I’ve removed the detail from the error handling, and cancellation tokens for brevity. The code below uses the Microsoft Computer Vision and SkiaSharp packages. I needed SkiaSharp for resizing the image (sometimes the captcha image is below the minimum size for the Azure service). The code from memory is fairly similar to one of Microsoft’s examples. Basically you resize the image, call the API and then wait for the result. The API is designed to extract multiple lines of text from an image, where as we only need the first line here.

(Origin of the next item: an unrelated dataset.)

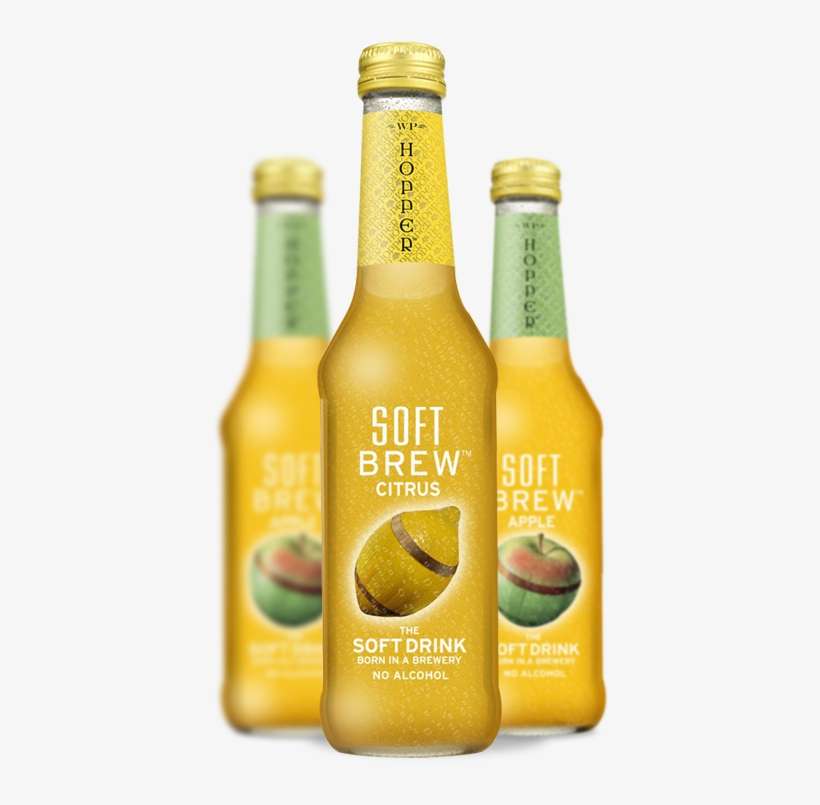 Wp Hopper - Glass Bottle, transparent png download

Sometimes the API will detect a space between the letters, which I’ve stripped out with the Replace method.
private static ComputerVisionClient _visionClient;
public static void Initialise(string strVisionKey, string strVisionEndpoint)
{
_visionClient = new ComputerVisionClient(
new ApiKeyServiceClientCredentials(strVisionKey)) { Endpoint = strVisionEndpoint };
}
public static async Task<string> ProcessCaptcha(byte[] btCaptcha)
{
MemoryStream streamSource = null, streamDestination = null;
SKBitmap sourceBitmap, scaledBitmap;
SKImage scaledImage;
ReadInStreamHeaders headers;
ReadOperationResult results;
IList<ReadResult> textUrlFileResults;
int iHeight, iWidth, iNumberOfCharsInOperationId = 36;
string strOperationLocation, strOperationId, strCaptcha = "";
// Resize the image to a minimum 50x50
try
{
streamSource = new MemoryStream(btCaptcha);
sourceBitmap = SKBitmap.Decode(streamSource);
iHeight = Math.Max(50, sourceBitmap.Height);
iWidth = Math.Max(50, sourceBitmap.Width);
scaledBitmap = sourceBitmap.Resize(
new SKImageInfo(iWidth, iHeight), SKFilterQuality.High);
scaledImage = SKImage.FromBitmap(scaledBitmap);
streamDestination = new MemoryStream(
scaledImage.Encode().ToArray());
}
catch (Exception eException)
{
goto Cleanup;
}
// Call Vision API
try
{
headers = await _visionClient.ReadInStreamAsync(
streamDestination, "en");
strOperationLocation = headers.OperationLocation;
strOperationId =
strOperationLocation.Substring(strOperationLocation.Length
- iNumberOfCharsInOperationId);
do
{
results = await _visionClient.GetReadResultAsync(
Guid.Parse(strOperationId));
}
while ((results.Status == OperationStatusCodes.Running ||
results.Status == OperationStatusCodes.NotStarted));
textUrlFileResults = results.AnalyzeResult.ReadResults;
foreach (ReadResult page in textUrlFileResults)
{
foreach (Line line in page.Lines)
{
strCaptcha = line.Text.Trim().Replace(" ", "");
goto Cleanup;
}
}
}
catch (Exception eException)
{
goto Cleanup;
}
Cleanup:
streamSource?.Dispose();
streamDestination?.Dispose();
return strCaptcha;
}
The whole code segment is called upon receiving a CAPTCHA request. I let it try twice (one attempt per image for two images), and then it it were unsuccessful, it would route the image for manual assessment (at which point you need a way of providing that input back to the API). I’ve not had that situation occur yet however.
~ Mike